What you will do
Please copy exactly every line from the one that contains "tl_files/brueckner/upload/Unsere-Partner/sg_promologo_150_25.jpg" to the end of the data below, with both ends included and no other lines.

Crawled caption data
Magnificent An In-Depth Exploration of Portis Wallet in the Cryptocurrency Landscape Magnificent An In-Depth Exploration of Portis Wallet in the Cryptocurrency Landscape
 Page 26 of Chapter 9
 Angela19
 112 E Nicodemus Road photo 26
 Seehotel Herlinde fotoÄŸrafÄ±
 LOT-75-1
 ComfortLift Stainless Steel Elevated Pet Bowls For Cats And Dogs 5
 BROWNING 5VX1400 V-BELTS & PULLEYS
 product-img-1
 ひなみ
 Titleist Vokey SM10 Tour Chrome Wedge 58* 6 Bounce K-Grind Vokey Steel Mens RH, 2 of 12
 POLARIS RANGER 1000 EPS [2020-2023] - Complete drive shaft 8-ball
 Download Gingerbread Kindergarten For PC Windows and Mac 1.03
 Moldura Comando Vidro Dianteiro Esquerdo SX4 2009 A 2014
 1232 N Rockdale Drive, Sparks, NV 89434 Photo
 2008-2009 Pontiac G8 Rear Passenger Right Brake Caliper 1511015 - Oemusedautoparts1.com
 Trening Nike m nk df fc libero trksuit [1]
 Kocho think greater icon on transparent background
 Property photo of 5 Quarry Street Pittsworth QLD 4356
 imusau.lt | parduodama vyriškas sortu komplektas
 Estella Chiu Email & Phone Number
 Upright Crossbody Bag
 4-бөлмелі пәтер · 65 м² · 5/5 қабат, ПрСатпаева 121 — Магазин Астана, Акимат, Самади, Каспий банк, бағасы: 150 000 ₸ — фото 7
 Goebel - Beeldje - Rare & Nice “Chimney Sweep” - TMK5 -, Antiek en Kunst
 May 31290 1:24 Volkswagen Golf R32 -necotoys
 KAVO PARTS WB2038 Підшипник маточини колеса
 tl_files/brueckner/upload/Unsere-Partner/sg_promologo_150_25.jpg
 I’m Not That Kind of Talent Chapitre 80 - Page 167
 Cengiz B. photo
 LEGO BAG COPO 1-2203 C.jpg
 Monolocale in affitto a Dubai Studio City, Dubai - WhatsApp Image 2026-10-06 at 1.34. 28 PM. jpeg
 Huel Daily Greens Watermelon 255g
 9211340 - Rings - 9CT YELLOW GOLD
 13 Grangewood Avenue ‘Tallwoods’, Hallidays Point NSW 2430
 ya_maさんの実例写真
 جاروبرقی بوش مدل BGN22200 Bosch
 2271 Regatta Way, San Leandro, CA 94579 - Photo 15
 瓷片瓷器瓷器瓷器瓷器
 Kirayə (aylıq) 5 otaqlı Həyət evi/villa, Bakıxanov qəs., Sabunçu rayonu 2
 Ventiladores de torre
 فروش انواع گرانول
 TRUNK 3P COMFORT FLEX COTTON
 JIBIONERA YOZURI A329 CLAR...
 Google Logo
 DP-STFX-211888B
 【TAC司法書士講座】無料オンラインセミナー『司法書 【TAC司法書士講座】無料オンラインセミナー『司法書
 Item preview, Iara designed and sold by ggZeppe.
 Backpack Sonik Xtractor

Answer for this exercise
 tl_files/brueckner/upload/Unsere-Partner/sg_promologo_150_25.jpg
 I’m Not That Kind of Talent Chapitre 80 - Page 167
 Cengiz B. photo
 LEGO BAG COPO 1-2203 C.jpg
 Monolocale in affitto a Dubai Studio City, Dubai - WhatsApp Image 2026-10-06 at 1.34. 28 PM. jpeg
 Huel Daily Greens Watermelon 255g
 9211340 - Rings - 9CT YELLOW GOLD
 13 Grangewood Avenue ‘Tallwoods’, Hallidays Point NSW 2430
 ya_maさんの実例写真
 جاروبرقی بوش مدل BGN22200 Bosch
 2271 Regatta Way, San Leandro, CA 94579 - Photo 15
 瓷片瓷器瓷器瓷器瓷器
 Kirayə (aylıq) 5 otaqlı Həyət evi/villa, Bakıxanov qəs., Sabunçu rayonu 2
 Ventiladores de torre
 فروش انواع گرانول
 TRUNK 3P COMFORT FLEX COTTON
 JIBIONERA YOZURI A329 CLAR...
 Google Logo
 DP-STFX-211888B
 【TAC司法書士講座】無料オンラインセミナー『司法書 【TAC司法書士講座】無料オンラインセミナー『司法書
 Item preview, Iara designed and sold by ggZeppe.
 Backpack Sonik Xtractor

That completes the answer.